2009/06/04(木) MWA賞

 ミステリマガジン7月号でオットー・ペンズラーが今年のMWA賞について書いている。最優秀長編賞はC・J・ボックス「ブルー・ヘヴン」。翻訳は昨年8月に既に出ている。昨年の長編賞「川は静かに流れ」と出版が前後したわけだ。受賞作品で邦訳があるのはこれとメアリ・ヒギンズ・クラーク賞のビル・フロイド「ニーナの記憶」のみ。これは昨年2月に出版されている。ちなみにどちらも「このミス」のベストテンには入っていない。

 ペンズラーの文章で共感できるのは「評価できなかった点は、この5年間で最高のスリラー、トム・ロブ・スミスの『チャイルド44』が候補にさえならなかったことだ」という部分。確かにそれはないだろうと思う。
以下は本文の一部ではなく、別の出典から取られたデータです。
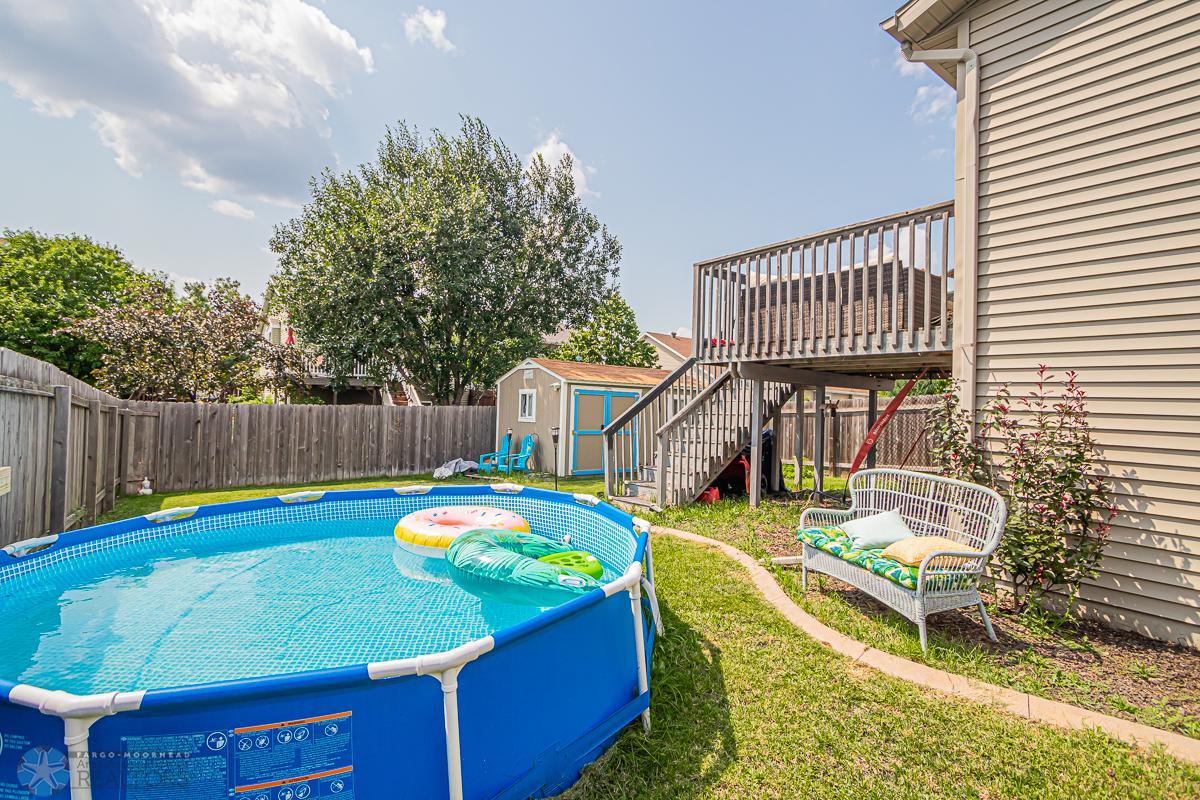 3605 Taylor St S, Fargo, ND 58104-35.jpg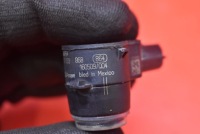 Датчик парковки задний  pdc 13300764 opel zafira c 12-16 Киев, фото thumb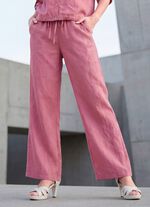 Hose von B/ANCA 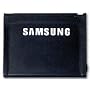 NEW OEM SAMSUNG SGH-C416 C417 A737 BATTERY AB553443DA Samsung: SGH- C416, SGH- C417, SGH- A737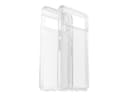 OtterBox Symmetry Google Clear Pixel 8 Pro - clear
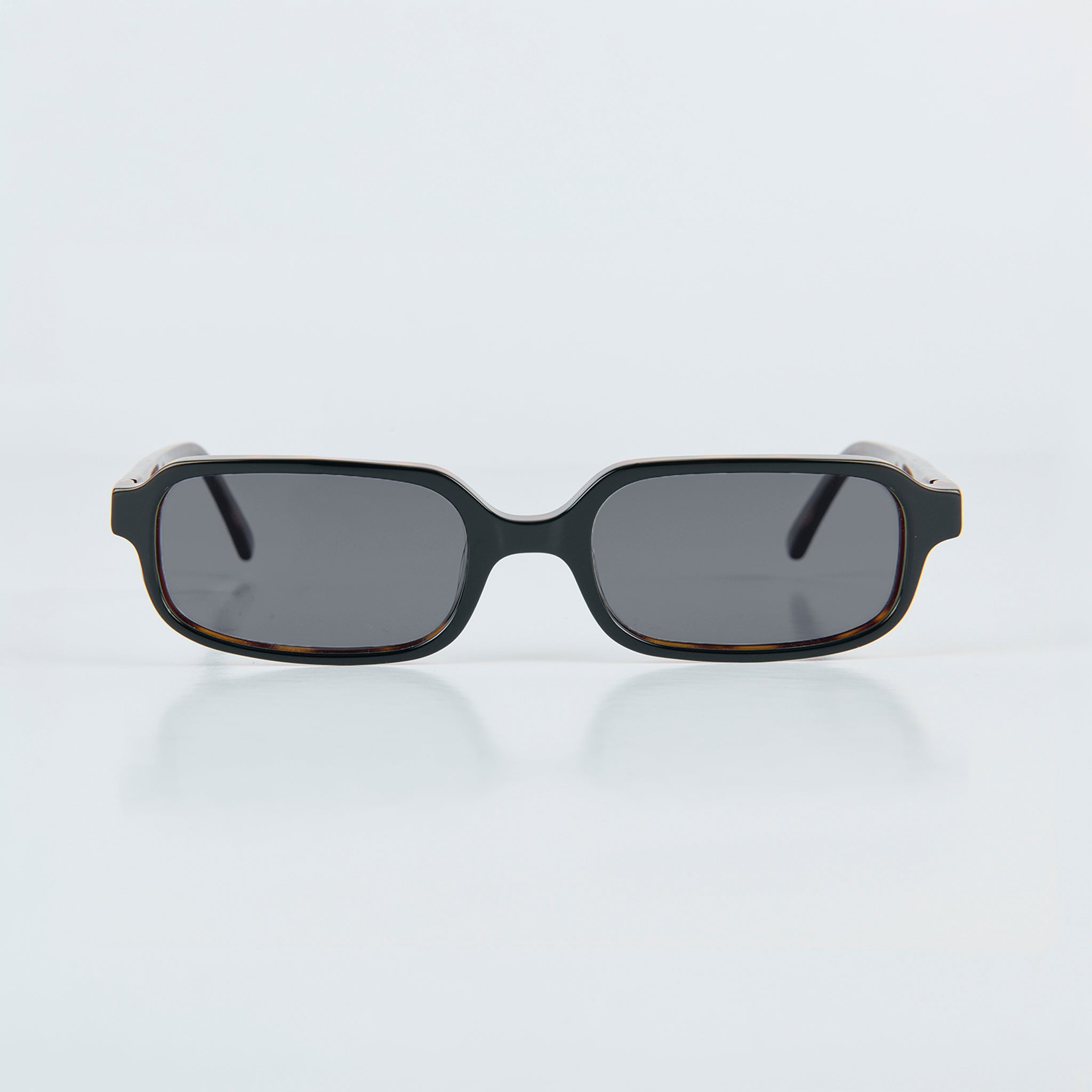 Kendall Lentes de Sol Carey - Lentes de Sol | LUCKY TYGER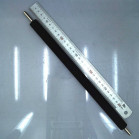 Вал переноса заряда (коротрон) Samsung SL-K3250/K3300/K4250/K4300/K4350 (JC66-04205A)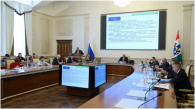 В Новосибирской области запретят продажу бензина и красок детям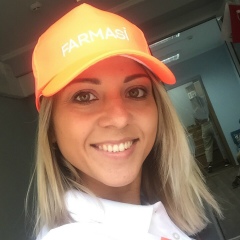 Танюшка Осипенко, 02.06.1987, Южноукраинск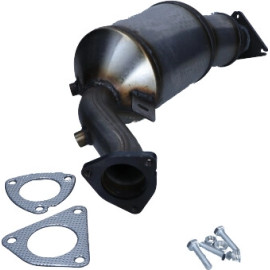 MAXGEAR Abgas-Partikelfilter 27-6005 MAXGEAR Abgas-Partikelfilter 27-6005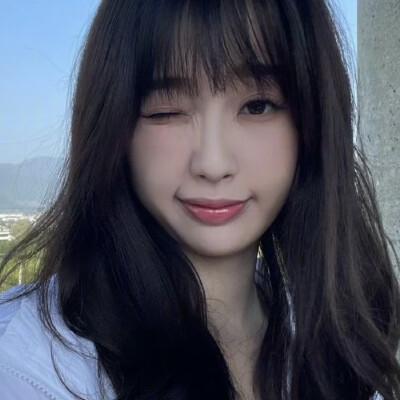 姐姐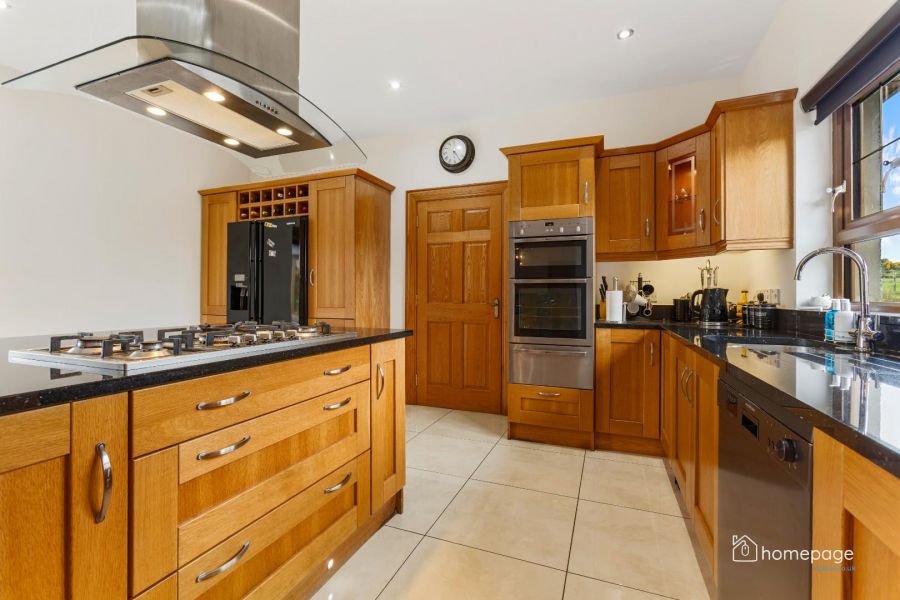 28 Shinny Road 28 Shinny Road
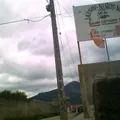 Rosario Castellanos Figueroa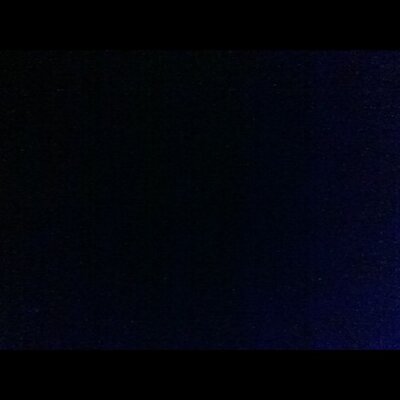 Profile Picture of Brendan Shannon (@shannon_brendan) on Twitter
ペンズラーによれば、MWA賞は過去に選ばれたことのない賞全体の責任者が各分野の委員4人を選ぶのだそうだ。これは公平な在り方だが、責任者が特定の分野に理解がないと、その分野からの長編賞の受賞は遠のくことになる。今年の責任者と委員には冒険小説(と僕は思っている)好きがいなかったのかもしれない。

 「ブルー・ヘヴン」と「ニーナの記憶」は会社の近くの書店にいずれも1冊だけあったので買った。どちらもハヤカワ文庫だが、MWA賞を取ったことで早川書房は増刷するのかな。MWA賞には映画のアカデミー賞ほどの効果があるわけでもないので期待薄か。出版のタイミングというのはなかなか難しいものだと思う。オビに「MWA受賞作」とあるだけで、手に取るミステリファンはいるだろうが、どれがノミネートされるかも分からないわけだから、それを待って出版するわけにもいかないだろう。